Fun with FEEDJIT

I’m not sure if you noticed, or are reading this blog from one of the syndication sites it gets copied too (like Planet Eclipse, or the Wind River Blog Network). But if you check back to the original site and scroll down a bit, you’ll see a new panel called the FEEDJIT Live Traffic Feed. I know people express concerns about web things following them, and if I get enough negative response to it I’ll pull it off. But in the meantime, I’m spellbound by this feature.

I’m learning quite a lot about the audience for this blog. The traffic feed gives me the city that where the person was, which is spread throughout the world, as well as a hint at how they got to my site. A few people come directly, I guess from an RSS reader where they’ve subscribed one way or another (Thank you!). More often, though, people end up here based on google searches, and I get the snippet that they were searching for! Creepy, but very useful.

So what are people searching for that pulls up my site? Well a lot of it lately has been the topics I’m most interested in lately, and that’s CDT for Windows development, including Windows cross to Linux. It’s good to see the interest from the community on that and I am continuing working on Wascana 1.0 as I write this (SDL is building in the background). I also often get a few queries on the Subversion Eclipse plug-in wars (I hate both right now, go git!). And you get the odd one looking for help, like today’s “eclipse CDT autocomplete crap” (yeah, it has issues if you’re environment isn’t set up).

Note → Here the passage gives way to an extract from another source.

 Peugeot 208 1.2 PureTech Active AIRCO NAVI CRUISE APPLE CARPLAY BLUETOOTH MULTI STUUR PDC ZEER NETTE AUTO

Anyway, it’s pretty interesting to watch, and it humbles me immensely to see people from around the world reading what I write, especially when the google search reveals they searched for me by name. But I love to write and share my thoughts and I really appreciate it when people leave comments. Whether I agree with them or not, I always learn something from what they put there. It’s a lot of fun and I encourage everyone to do the same. There will always be someone out there interested in what you have to say.